An AI does not understand anything, it merely simulates the behaviour of an intellect.
That depends what intelligence is: there's no fixed definition.
What AI truly lacks is self-awareness - maybe
volition is a useful term, it has no self-directed purpose. However, I do not think this is the same thing as intelligence. It lacks other things as well, but I am not sure they are sufficient to say it is not intelligent.

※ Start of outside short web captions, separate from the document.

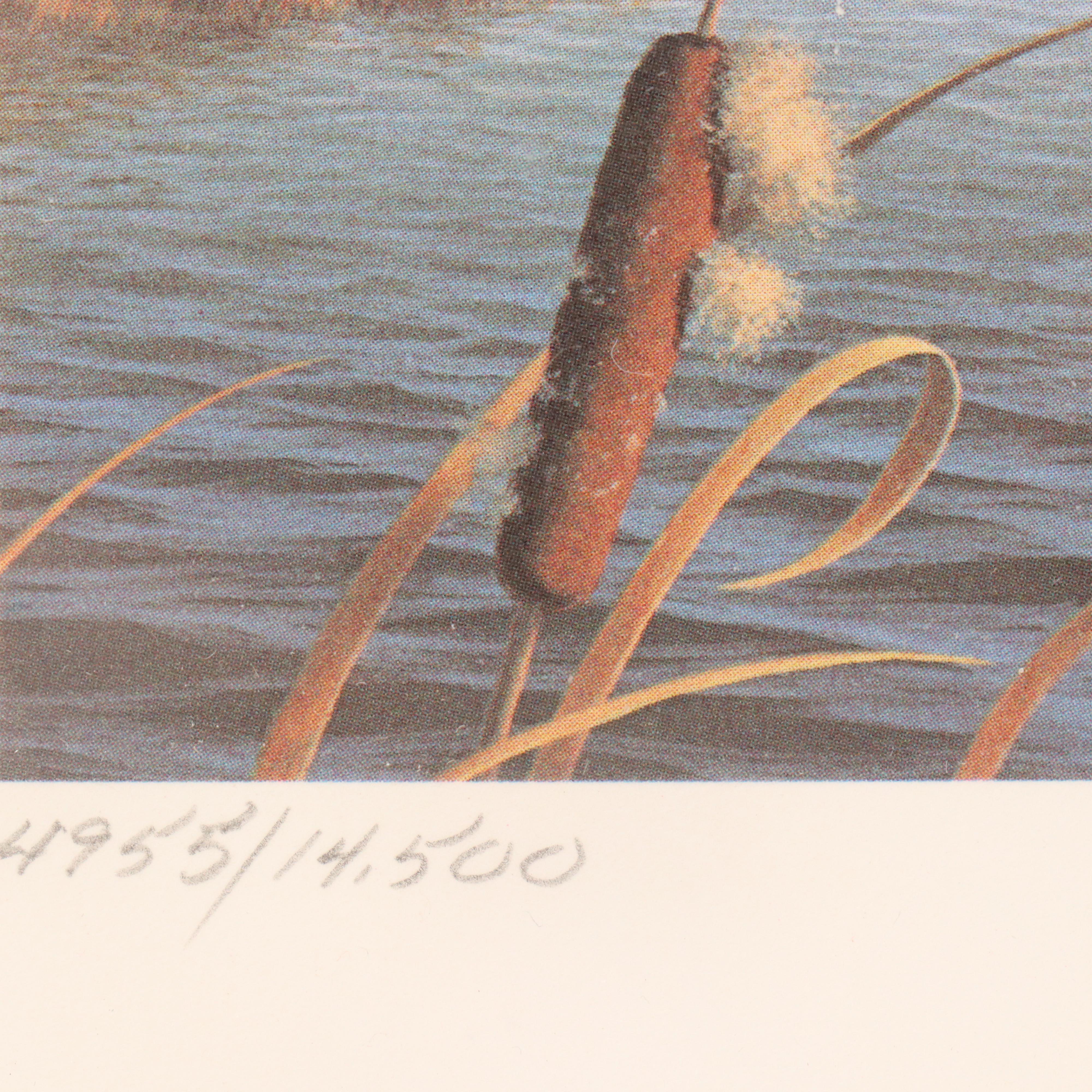 Set of Waterfowl Stamps, Including Washington Migratory Waterfowl, 1988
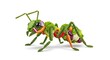 © Gocek - Creative ant made of vegetables on white background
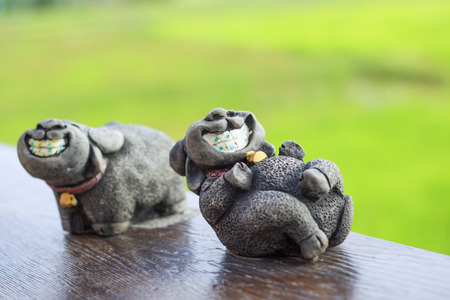 A cheerful buffalo sitting in a refreshing field.の写真素材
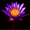 Photo of Purple Lotus M.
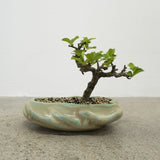 浮雲 +盆栽【長寿梅】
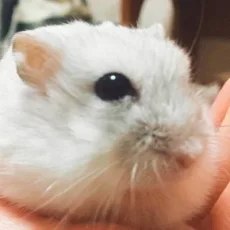 はむはむ
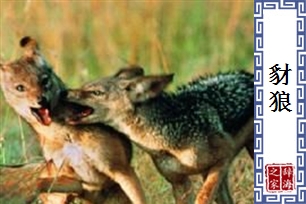 豺狼的意思、造句、近义词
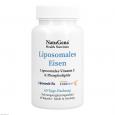 LIPOSOMALES Eisen+Vitamin C vegan Kapseln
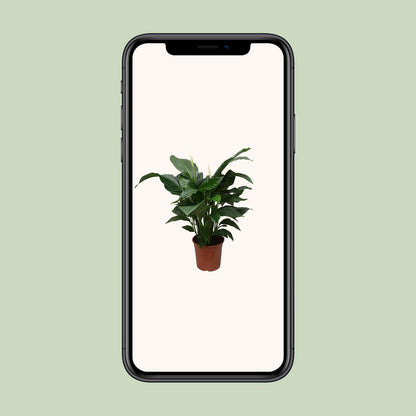 Spathiphyllum Sweet Silvana – Pflegeleichte Friedenslilie Ø24cm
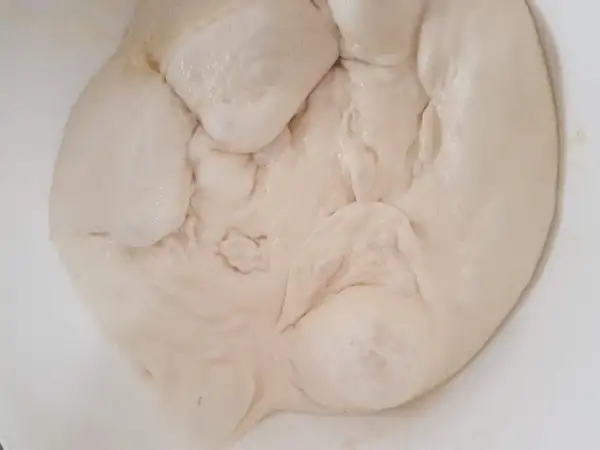 Impasto soffice in ciotola, pronto per la lievitazione in forno a 40 gradi. Quanto tempo ci vorrà?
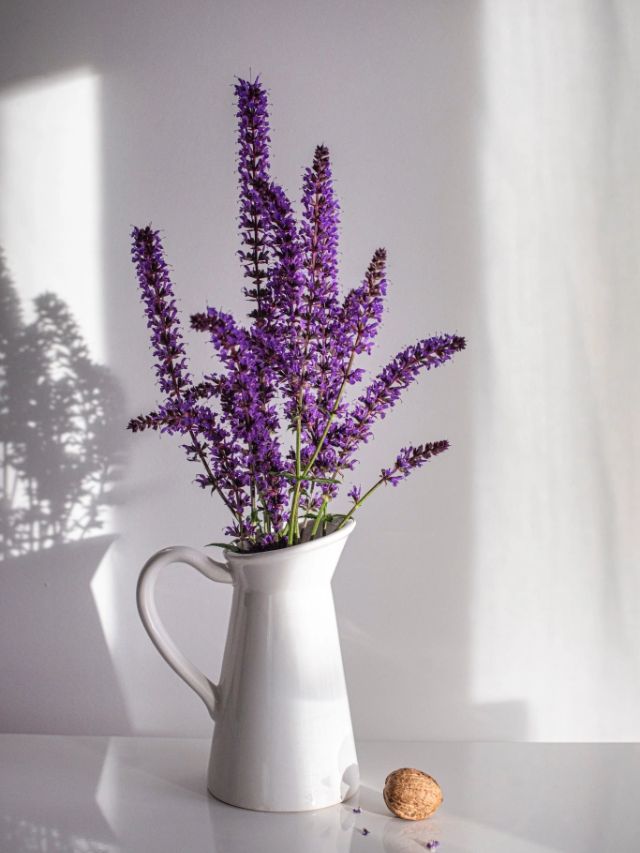 Plantas que NÃO PRECISAM DE ÁGUA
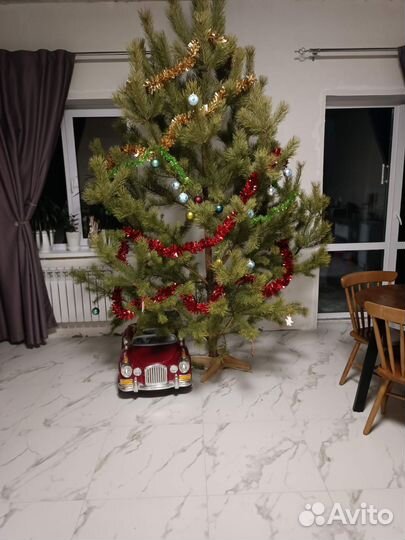 Сосна новогодняя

"Understanding" is a tricky thing. If you ever look at the learning outcomes for a university course for what a passing student should be able to achieve, they very conspicuously do not (or should not!) use the word "understand". How do you measure understanding? For instance, ChatGPT can write higher education essays to a standard that will get a pass, even good marks. So can students also compile words together in a sense that is informationally accurate and makes sense, without ever really "understanding" the topic. How do we discriminate between the ability to memorise a load of information to splurge back at a marker, and actual understanding? We can measure tasks like applying knowledge, evaluating knowledge, using judgement, or synthesis of new information, but none of these are quite the same as "understanding". And an AI can do this stuff too. Not perhaps through the same processes and mechanisms as human thought, but they can do it.
If we look at animal studies, we can see that all sorts of different creatures have forms of intelligence. Crows, dogs, octopuses, etc. But their cognitive processes are probably for the most part very different. A crow is in ways an idiot compared to a dog, and yet also vice versa. We could expand this idea to aliens: imagine they arrived in spacecraft above Earth to observe/meet/invade. They would almost certainly not think like us (maybe with exaggerated psychology), like some Star Trek / Star Wars alien. But we would almost certainly have to credit them with being "intelligent". (Frankly, an octopus is probably very "alien", if we really understood how they thought - we might at least assume reasonable level of commonality amongst mammals.)
So, is AI actually "intelligent"? On balance, I would perhaps lean to "yes". But by human standards it is both a genius and an idiot, the latter because it is certainly lacking something.